Updated on January 28, 2024
Boundaries
This morning I had a chat with a lovely young woman who had identified that she had boundaries being crossed at work. When I was her age, I thought boundaries were just the fenceline around our farm which delineated where our land ended and the neighbours’ began. Technically, they were there to keep our stock in and theirs out.
Whose job is it to maintain the fence? Ours or the neighbours’? If it’s affecting us, it’s our job. If it’s affecting them, it’s theirs. We can also work on it together.
So, I finally found out, it is in our relationships. If I have a boundary of what I want to happen in a relationship (and I mean this in the general term, it can be any kind of relationship, not just the romantic kind), first I have to identify the boundary. Often I don’t know I have a boundary until it’s been crossed by someone. Then I have an uncomfortable emotion about it and I have to figure out why I am feeling that way. That helps me find the boundary in the first place. (That’s a whole other conversation!)

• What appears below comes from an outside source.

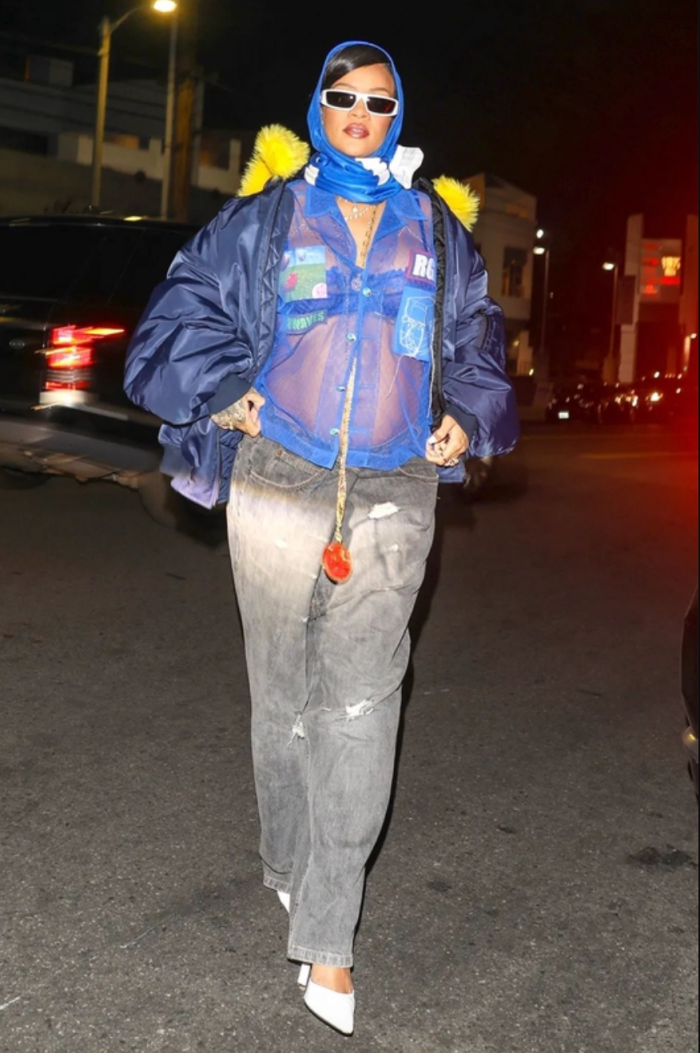 Style｜穿20年旧Chanel外套当孕妇装，盘点Rihanna超狂孕妇穿搭 更多热点 图7张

Next I have to articulate the boundary to others, in particular the person who might have crossed my boundary. This part is essential as the other person may have no clue that they have been walking all over my boundary. People have a tendency to wander all over the place when there’s no fence and they will just saunter on through. Children, who are still learning basic social norms, actually have to figure out the rules by seeing them modeled or by breaking them, and will often push and push and push until they find the fence. (Except when they find cliffs…fear of falling is fairly innate.)
But it doesn’t stop there, and this was the hardest bit for me to learn: I have to hold my boundary and have a clear consequence when my boundary is not respected. I made the boundary, it’s up to me to maintain it.

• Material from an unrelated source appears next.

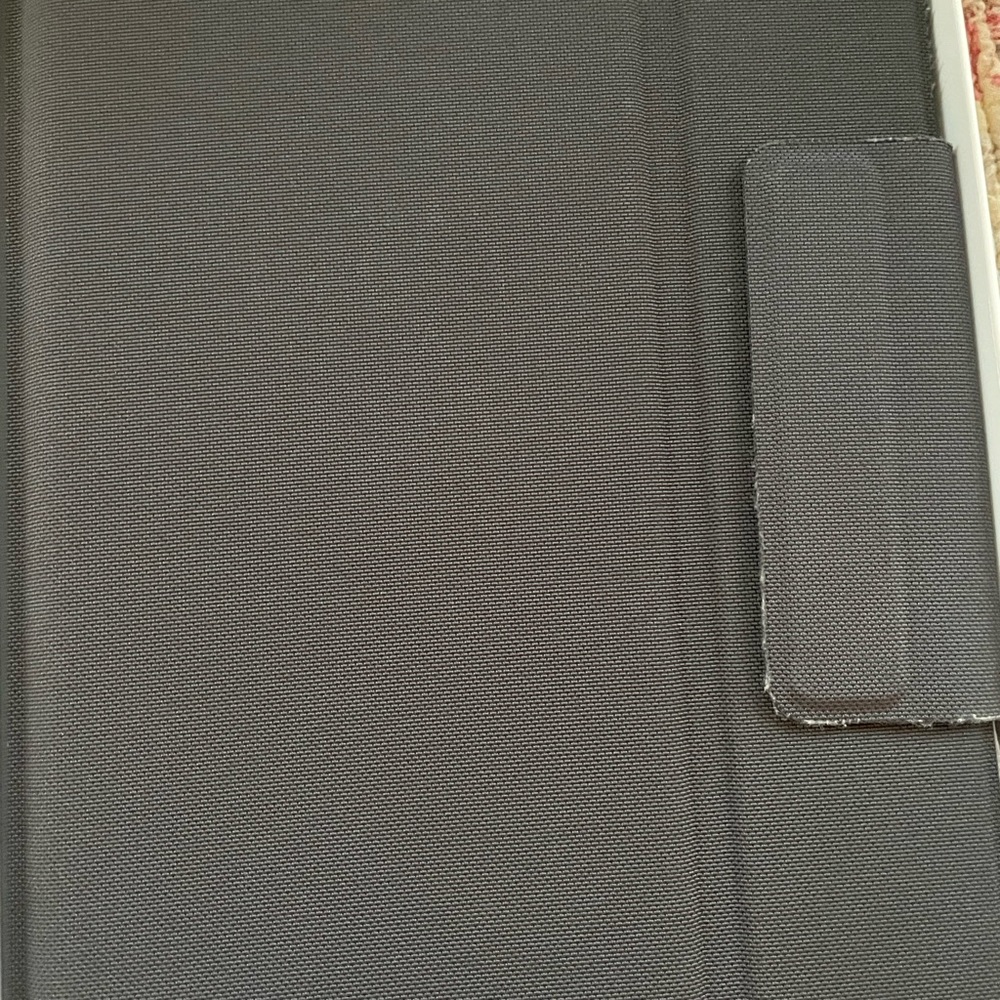 Logitech IPad keyboard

Many people are honourable, and when you articulate a personal boundary, they will respect it. However, some are not, so you need to know what you will do if they are not, what your natural consequence might be. When we discovered one of our neighbour’s were cutting off the ear tags of our wandering sheep and keeping them we opted not to have anything to do with them anymore. But we also continued to return their very bouncy, fence-resistant sheep. Just because someone else is dis-honourable doesn’t mean we have to be.